Pourquoi, alors, ne pas appeler la SQ pour enquêter sur les affirmations de M. Bellemare, qui sont tout aussi grave que les allégations dans le domaine de la construction ? Serait-ce qu'il est plus facile de circonscrire le mandat, et donc les débordements, d'une commission d'enquête portant spécifiquement sur la nomination des juges.
À supposer qu'il y ait du vrai dans l'«affaire Bellemare», y a-t-il un seul juge professionnellement suicidaire au point d'avouer, sous serment, qu'il doit effectivement sa nomination à du favoritisme politique ? Son honneur perdrait la face, son indépendance et son droit de siéger.
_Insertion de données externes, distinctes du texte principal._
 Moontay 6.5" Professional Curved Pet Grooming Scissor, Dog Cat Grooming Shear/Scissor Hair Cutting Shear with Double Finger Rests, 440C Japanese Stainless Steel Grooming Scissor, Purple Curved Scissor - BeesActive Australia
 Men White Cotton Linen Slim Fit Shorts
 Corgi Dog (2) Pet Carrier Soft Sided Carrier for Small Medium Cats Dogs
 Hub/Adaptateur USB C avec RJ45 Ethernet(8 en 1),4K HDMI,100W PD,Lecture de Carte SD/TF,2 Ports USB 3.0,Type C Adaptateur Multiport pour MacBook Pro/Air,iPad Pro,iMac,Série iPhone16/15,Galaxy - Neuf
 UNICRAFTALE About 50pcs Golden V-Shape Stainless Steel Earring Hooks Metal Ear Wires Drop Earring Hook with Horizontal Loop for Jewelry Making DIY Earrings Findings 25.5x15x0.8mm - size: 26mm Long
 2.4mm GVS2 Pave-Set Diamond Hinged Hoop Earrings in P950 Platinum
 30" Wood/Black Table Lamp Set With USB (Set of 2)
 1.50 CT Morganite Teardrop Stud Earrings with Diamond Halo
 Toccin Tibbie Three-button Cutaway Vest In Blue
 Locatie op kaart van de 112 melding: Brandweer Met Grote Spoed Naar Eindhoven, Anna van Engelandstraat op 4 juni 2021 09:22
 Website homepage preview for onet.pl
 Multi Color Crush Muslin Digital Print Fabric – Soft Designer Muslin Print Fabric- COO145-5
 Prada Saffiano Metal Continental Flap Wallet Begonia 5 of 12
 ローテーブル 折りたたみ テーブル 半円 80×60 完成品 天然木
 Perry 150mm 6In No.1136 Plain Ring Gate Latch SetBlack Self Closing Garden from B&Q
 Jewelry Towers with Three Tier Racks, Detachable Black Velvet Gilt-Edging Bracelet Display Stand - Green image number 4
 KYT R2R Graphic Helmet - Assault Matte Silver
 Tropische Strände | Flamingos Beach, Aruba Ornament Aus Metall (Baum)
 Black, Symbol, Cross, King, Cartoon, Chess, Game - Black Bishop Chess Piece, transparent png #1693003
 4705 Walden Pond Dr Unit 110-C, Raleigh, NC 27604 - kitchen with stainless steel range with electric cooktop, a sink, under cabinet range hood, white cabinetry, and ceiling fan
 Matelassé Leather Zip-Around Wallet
Téléspectateurs (et télédiffuseurs !), ne vous frottez pas trop les mains tout de suite en rêvant à un Gomery 2. Avec un mandat restreint au seul processus de nomination des juges, la commission risque d'être un exercice plus frustrant qu'instructif. Ce sera le festival «Objection ! M. le commissaire» chaque fois qu'un témoin glissera très légèrement hors du cadre.
Chaque fois que l'on abordera la question du financement des partis politiques par des individus qui ne sont pas directement liés aux magistrats, on mettra le couvercle sur la marmite des dons intéressés et du trafic d'influence pour revenir au mandat étroit de la commission.
Pourtant, c'est de ça dont il s'agit. Le mal est là : le pouvoir de l'argent sur les partis politiques et sur le gouvernement.
Cela dit, il y a souvent des surprises et des dérapages dans une commission d'enquête. Un témoin peut fort bien échapper une information, sous immunité, sachant fort bien que les médias et l'opposition se jetteront sur l'os.
Ce n'est pas la première fois que des soupçons d'ingérences visent la nomination des juges. Radio-Canada avait posé la question lors des dernières élections provinciales, en 2008.
En 2005, dans une longue entrevue à La Presse, Benoît Corbeil, ancien directeur général du Parti libéral du Canada, section Québec, et acteur clé des commandites, avait aussi affirmé que plusieurs juges étaient nommés par pur favoritisme politique.
Pour boucler la boucle avec Haïti, bien sûr que j'exagère en parlant de république de bananes. Ce qui n'est pas exagéré, toutefois, c'est de dire qu'une démocratie repose d'abord et avant tout sur le lien de confiance entre la population et son gouvernement.
Ce lien de confiance, ici, a été fortement ébranlé depuis quelques mois. Et ce n'est pas en tentant de noyer le poisson que Jean Charest le rétablira. Au contraire.